Fondé par d’anciens résistants et des enseignants, l’Arory recherche et diffuse la connaissance sur la période de l’occupation et la résistance dans l’Yonne depuis 38 ans.

Agrégé d’Histoire, professeur d'histoire géographie au lycée Jacques Amyot d'Auxerre, Frédéric Gand est président de l’Arory.
« Il y a encore une forte demande des familles pour identifier une photo, savoir dans quelle compagnie ou dans quel maquis se trouvait une personne, voir si on a des renseignements sur un oncle ou un grand-père qui n’a pas parlé », lâche Frédéric Gand, président de l’Arory et professeur d’Histoire-géo au Lycée Jacques-Amyot. Trente-huit ans après sa création, L’Association de Recherches sur l'Occupation et la Résistance dans l’Yonne (Arory) continue d’avoir du boulot. Calqué sur le modèle morvandiau de l’Arorm, l’Arory est fondé en 1988 par d’anciens résistants et des enseignants pour documenter et lever le voile sur un passé qui ne passe pas : l’occupation.
Malgré des moyens humains limités dans un domaine - la recherche - qui demande beaucoup de temps et de rigueur, l’association a multiplié les projets pour rendre accessible la connaissance sur l’occupation et la résistance dans l’Yonne. En 2004, un CD-ROM sous forme de base de données, avec plus de 1000 fiches biographiques et informatives sur la période, est mis en vente. En 2008, c’est un livre de 700 pages qui est publié. Dans ces années-là, l’association organise également colloques et reconstitutions historiques.
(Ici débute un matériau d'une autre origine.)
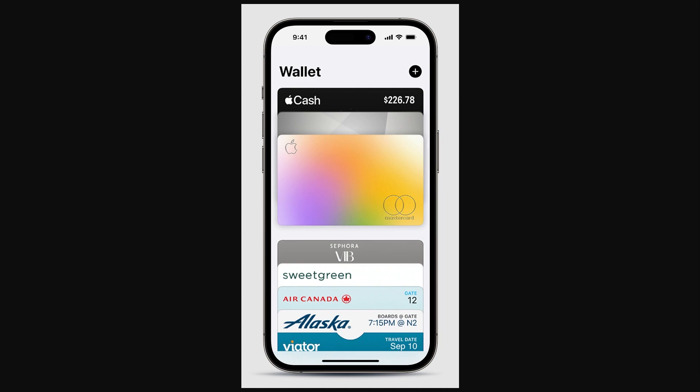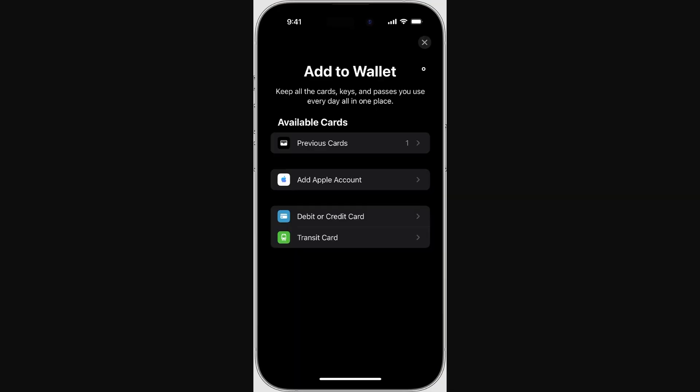The way you usually add things to Apple Wallet is by opening it up on your phone and then clicking the plus sign in the top right corner. However, when we do that there are only two options: debit or credit card, or transit card. Since a loyalty card is neither of those, we're going to have to do this a slightly different way. The process will be pretty much the same across all loyalty cards, so make sure you watch to the end to know how to add a loyalty card to your Apple Wallet.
En 2026, l’Arory compte encore une centaine d’adhérents. Les résistants se font de plus en plus rares. Le doyen François Solano, combattant durant la guerre d’Espagne puis maquisard, est décédé en 2025 à l'âge de 103 ans. Écrits par une poignée d’adhérents, l’association continue de publier chaque année deux bulletins de recherches : « Il y a encore des séries à étudier aux archives départementales, les problématiques historiques ont changé, il y a encore un certain nombre de dossiers pas totalement ouverts. Certaines choses sont plus faciles à consulter que d’autres, confie Frédéric Gand. L’année dernière, on a publié les travaux de recherche d’un Australien, spécialiste des maquis du sud de l’Yonne. On vérifie bien sûr que c’est solide et sourcé, mais on est aussi là pour diffuser la recherche utile d’autres chercheurs libres ».
Enfin, l’adresse mail de l’association reçoit toujours des demandes d’informations des familles. « Souvent les gens espèrent qu’on puisse trouver des choses qui sont impossibles car il y a eu des milliers de maquisards, et comme c’était quelque chose de foncièrement clandestin, c’est très difficile, mais quand on peut on y va, on fait des recherches quand on peut ».